Building Documentation
If you’d like to build the documentation, it’s almost the same:
./x.py doc
The generated documentation will appear under doc in the build directory for
the ABI used. I.e., if the ABI was x86_64-pc-windows-msvc, the directory will be
build\x86_64-pc-windows-msvc\doc.
Notes
Since the Rust compiler is written in Rust, it must be built by a precompiled "snapshot" version of itself (made in an earlier stage of development). As such, source builds require a connection to the Internet, to fetch snapshots, and an OS that can execute the available snapshot binaries.
Snapshot binaries are currently built and tested on several platforms:
| Platform / Architecture | x86 | x86_64 |
|---|---|---|
| Windows (7, 8, 10, ...) | ✓ | ✓ |
| Linux (kernel 2.6.32, glibc 2.11 or later) | ✓ | ✓ |
| macOS (10.7 Lion or later) | (*) | ✓ |
(*): Apple dropped support for running 32-bit binaries starting from macOS 10.15 and iOS 11. Due to this decision from Apple, the targets are no longer useful to our users. Please read our blog post for more info.
You may find that other platforms work, but these are our officially supported build environments that are most likely to work.
Getting Help
The Rust community congregates in a few places:
- Stack Overflow - Direct questions about using the language.
- users.rust-lang.org - General discussion and broader questions.

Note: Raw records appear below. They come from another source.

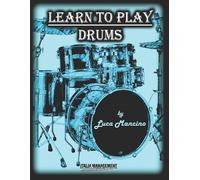 Luca Mancino Learn To Play Drums (Tascabile)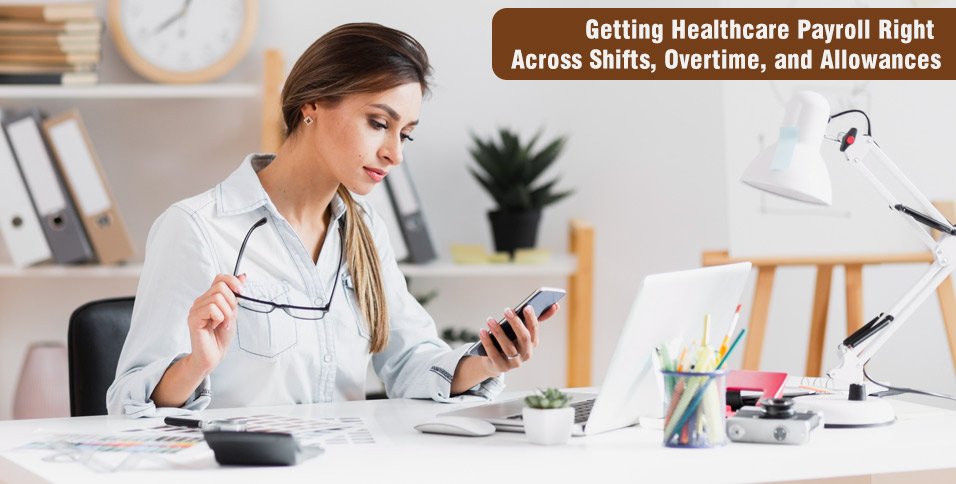 Getting Healthcare Payroll Right Across Shifts, Overtime, and Allowances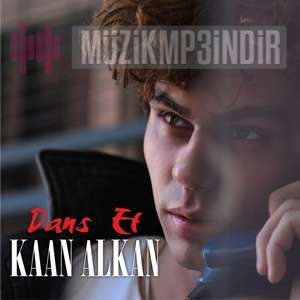 دانلود آلبوم Dans Et (2017) از Kaan Alkan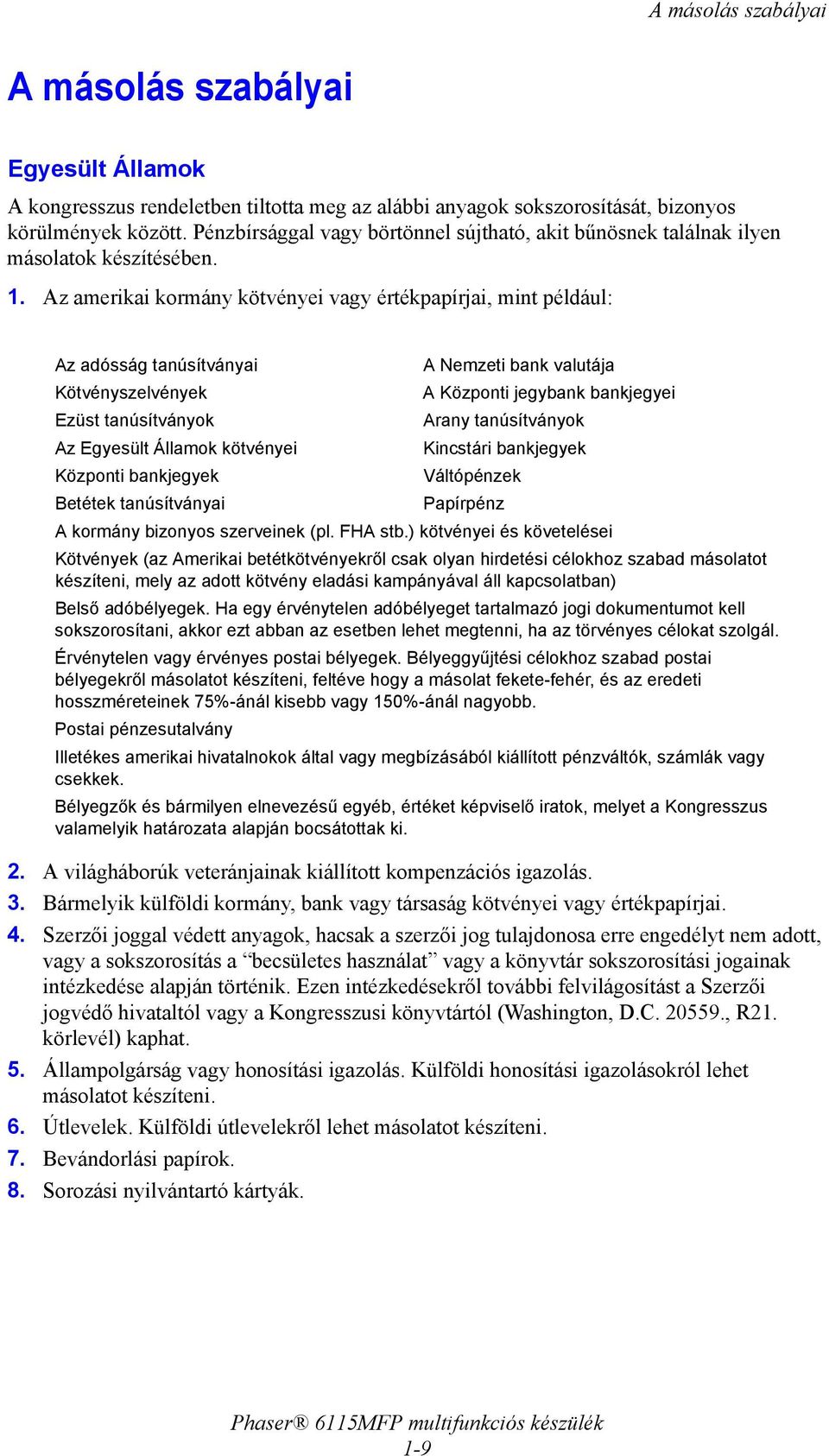 Az amerikai kormány kötvényei vagy értékpapírjai, mint például: Az adósság tanúsítványai A Nemzeti bank valutája Kötvényszelvények A Központi jegybank bankjegyei Ezüst tanúsítványok Arany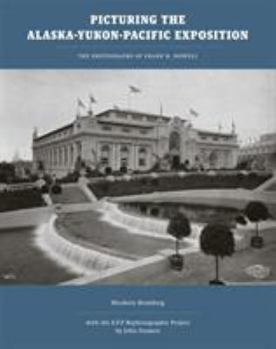 Hardcover Picturing the Alaska-Yukon-Pacific Exposition: The Photographs of Frank H. Nowell Book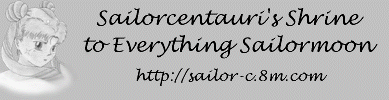 Sailorcentauri's Shrine to Everything Sailormoon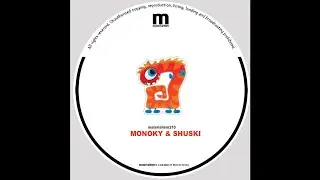 Shuski & Monoky - Let You Go (MATERIALISM209)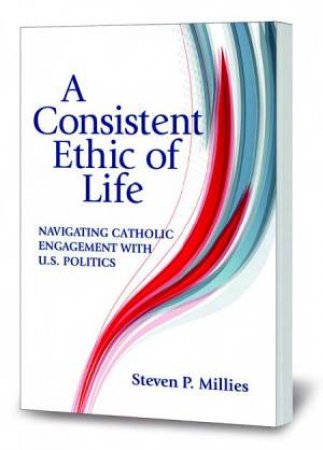 A Consistent Ethic Of Life by Steven P Millies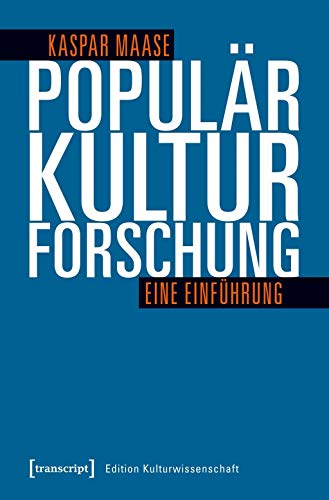 Populärkulturforschung: Eine Einführung (Edition Kulturwissenschaft, Bd. 190) von transcript Verlag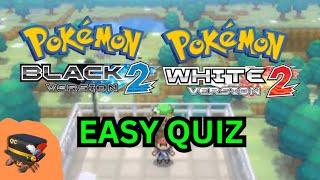 Pokémon Black 2 & White 2 Quiz - (Easy)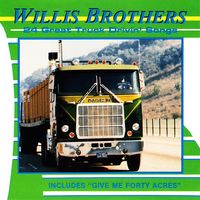 The Willis Brothers - 24 Great Truck Drivin' Songs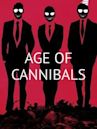 Age of Cannibals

- /r/rust - News and general discussion.
Contributing
If you are interested in contributing to the Rust project, please take a look at the Getting Started guide in the rustc-dev-guide.
License
Rust is primarily distributed under the terms of both the MIT license and the Apache License (Version 2.0), with portions covered by various BSD-like licenses.
See LICENSE-APACHE, LICENSE-MIT, and COPYRIGHT for details.
Trademark
The Rust programming language is an open source, community project governed by a core team. It is also sponsored by the Mozilla Foundation (“Mozilla”), which owns and protects the Rust and Cargo trademarks and logos (the “Rust Trademarks”).
If you want to use these names or brands, please read the media guide.
Third-party logos may be subject to third-party copyrights and trademarks. See Licenses for details.